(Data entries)
+++++

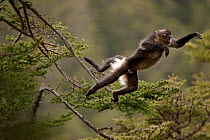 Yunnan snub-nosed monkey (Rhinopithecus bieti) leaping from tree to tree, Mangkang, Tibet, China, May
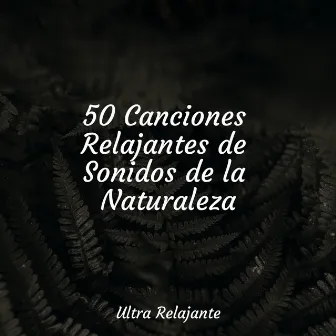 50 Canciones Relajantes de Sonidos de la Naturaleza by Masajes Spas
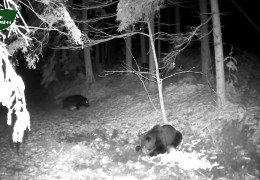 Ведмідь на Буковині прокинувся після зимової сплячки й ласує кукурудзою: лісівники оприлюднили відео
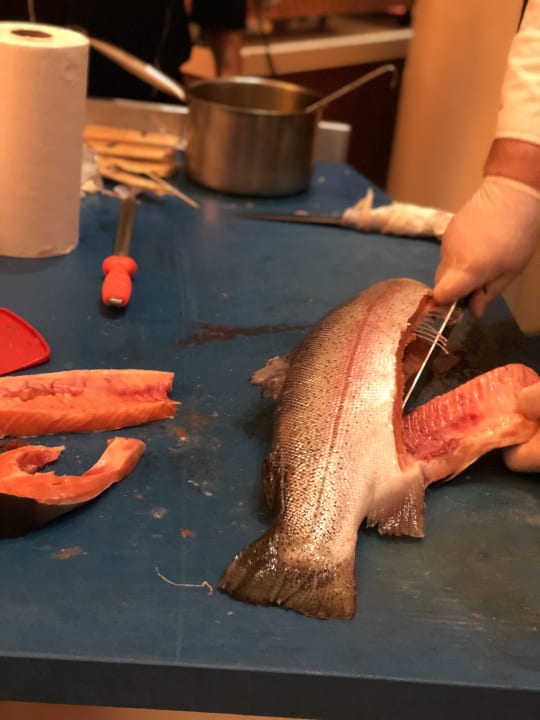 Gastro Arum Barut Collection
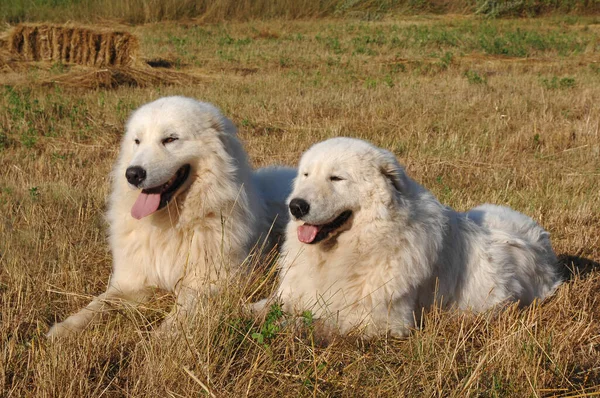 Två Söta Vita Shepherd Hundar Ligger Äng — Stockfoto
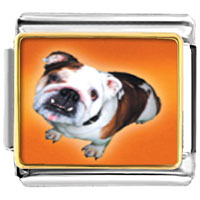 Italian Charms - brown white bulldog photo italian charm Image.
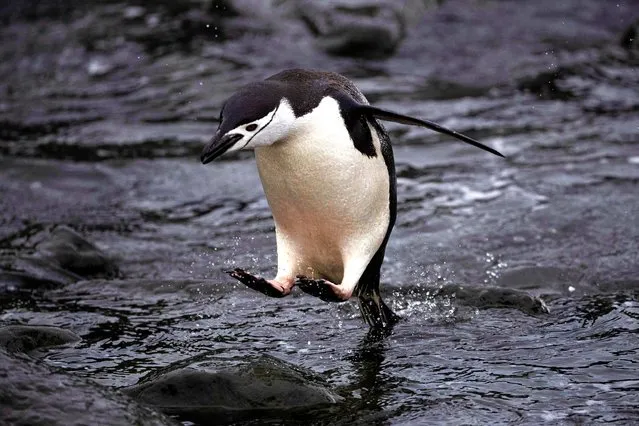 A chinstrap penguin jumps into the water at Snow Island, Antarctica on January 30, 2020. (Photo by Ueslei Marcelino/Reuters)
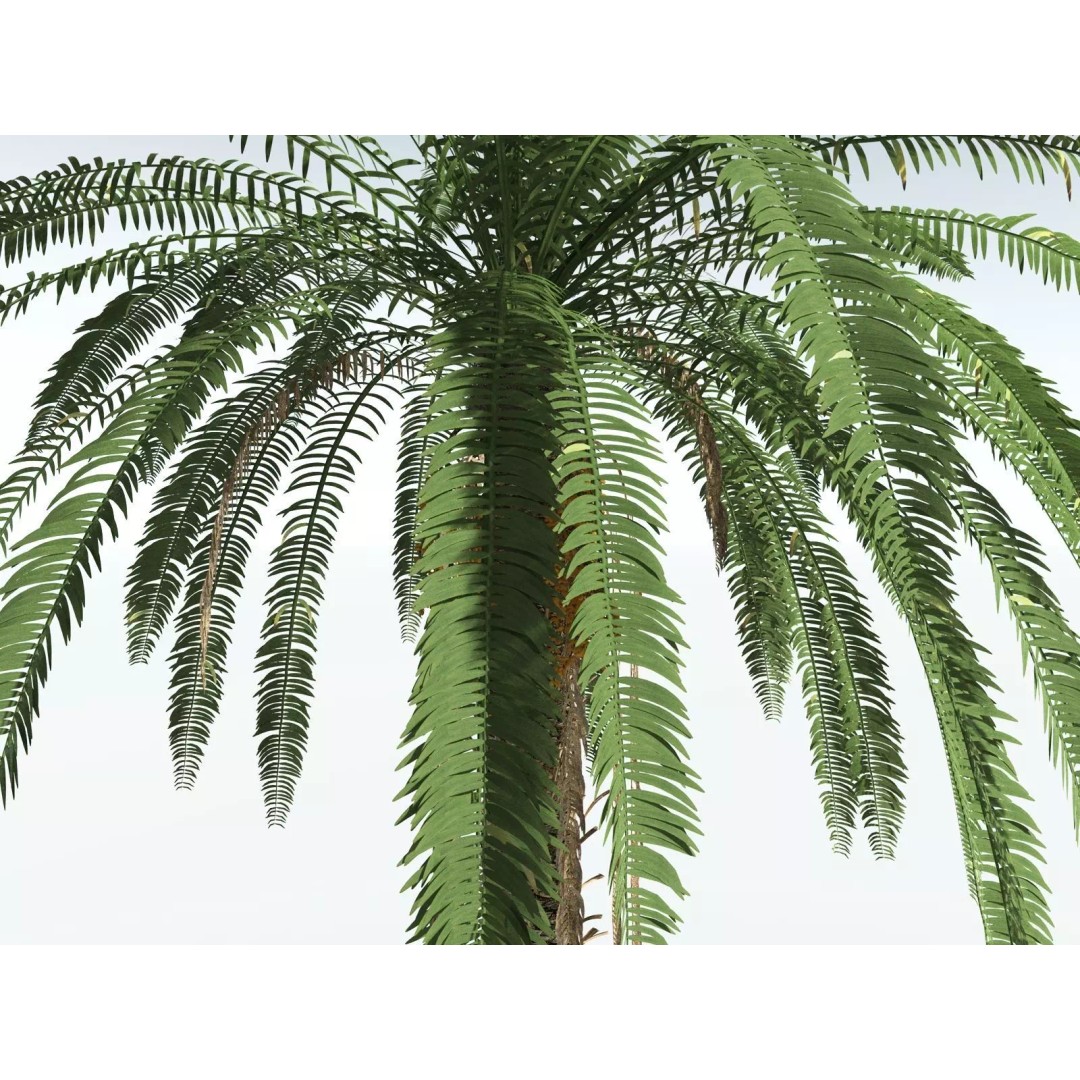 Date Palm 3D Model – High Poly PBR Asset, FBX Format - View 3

+++++

Work instructions: Copy the records above from the first line through the line containing "Italian Charms - brown", both included, and leave out any pictures.

Response area:
 Yunnan snub-nosed monkey (Rhinopithecus bieti) leaping from tree to tree, Mangkang, Tibet, China, May
 50 Canciones Relajantes de Sonidos de la Naturaleza by Masajes Spas
 Ведмідь на Буковині прокинувся після зимової сплячки й ласує кукурудзою: лісівники оприлюднили відео
 Gastro Arum Barut Collection
 Två Söta Vita Shepherd Hundar Ligger Äng — Stockfoto
 Italian Charms - brown white bulldog photo italian charm Image.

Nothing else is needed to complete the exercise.